He had what he needed to spend the night, his robe and so forth, and I had enough food for us all.
Then these boys who were very closed and unaware came along behind us, taunting this boy, taunting us for inviting him with us, mocking him. These boys were not of the Essene community but from a village apart from the community.
Yeshua was far younger than any of the rest of us. The boy we brought along, and the others, were all my age or older.
It would have ben easy to be intimidated by them, especially if you were half their size. Yeshua had been with this boy with me before. I didn’t know what to do, because I was responsible for Yeshua’s well-being, his safety, and I was responsible to this boy’s mother to protect him. We didn’t expect a band of angry boys to assault us.
Yeshua stepped up. He simply took this boy’s hand and said, “Let’s walk ahead,” and just began briskly to walk. We walked up into the hills where the sheep were. We left the sheep sometimes for a few hours. I could go into town and know that they would be safe until I came back. So, I had come in to our community to pick up Yeshua and walk him back.
We got where we were headed, made sure the sheep were well. The boys were hanging back but still throwing verbal taunts and an occasional rock or piece of old fruit.
We sat down and began to eat our meal, after the sheep were checked.
The boys made to break in and try to steal the food.
I want to make it clear that Yeshua knew how to say no, even though he was only 2/3 the age of these boys.
He turned to the one who was loudest, seemed angriest. He brought some of the food he was eating out to him and said, “You’ve been following us for a while, and you haven’t eaten. You must be hungry. Here.” He just put it down at the boy’s feet and walked back to our fire.
Well, the boy was hungry. He wasn’t going to pass up a meal, so he ate. The other boys teased him, said, “You’re taking food from them?” “Sure, why not.”

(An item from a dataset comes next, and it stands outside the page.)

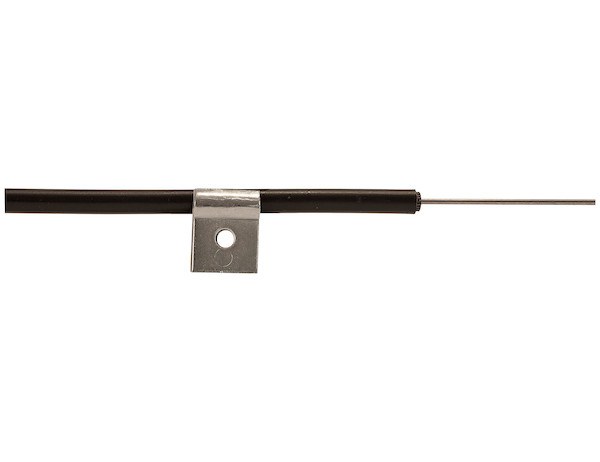 Buyers Products Mounting Clamp, 1/4 Inch Hole to Secure the Output End of Any 3/8 Conduit, Zinc Plated, Carbon Steel, Bolt-On, Single – 4100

After we had eaten for a few minutes, there was one boy that was hanging back, not bothering the boy who had eaten. Yeshua—again, the youngest— got up and brought him some food. “Are you hungry?” He offered another boy some water.
Gradually the boys came up closer to our fire. It had grown cold. They ate from our plentiful supply of food. Now, it meant we would not have food for the next day, but no worry about tomorrow. We had the food we needed for tonight and tomorrow would take care of itself.
It had gotten late. It was quite cold. We built up the fire. Yeshua said to the boys, “You are welcome to lie down here near the fire.”
This slower friend, this friend without strong mental capacity, he was close by the fire, and one of them came up and said, “Move out of my way—I want the fire!”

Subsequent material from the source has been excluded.